Task directions: Write the full listing out again, word for word, but omit the pictures.

(Beginning of The data)

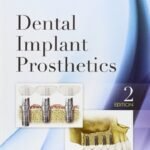 Dental Implant Prosthetics, 2nd Edition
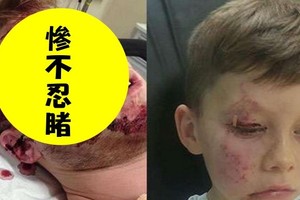 眼看這輛失控的車子就要撞上侄子了！叔叔做得事情讓人''想一百遍''都想不到他會這樣做...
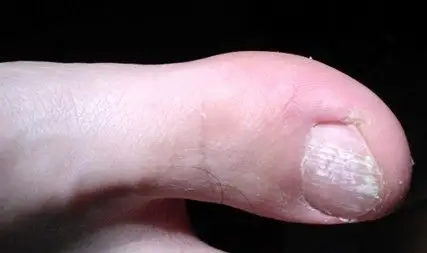 脚指甲 白色 一层请告诉我,是怎么回事呢?怎么办?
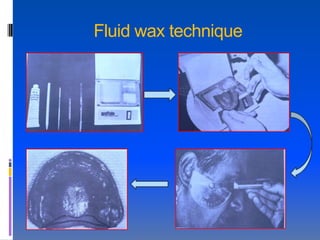 Fluid wax technique
 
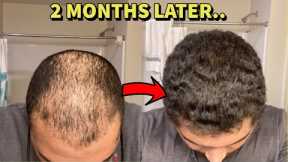 BALD GUY REVERSES HAIR LOSS IN 2 MONTHS! HERE'S WHAT HE DID!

(End of The data)

Answer to the problem:
 Dental Implant Prosthetics, 2nd Edition
 眼看這輛失控的車子就要撞上侄子了！叔叔做得事情讓人''想一百遍''都想不到他會這樣做...
 脚指甲 白色 一层请告诉我,是怎么回事呢?怎么办?
 Fluid wax technique
 
 BALD GUY REVERSES HAIR LOSS IN 2 MONTHS! HERE'S WHAT HE DID!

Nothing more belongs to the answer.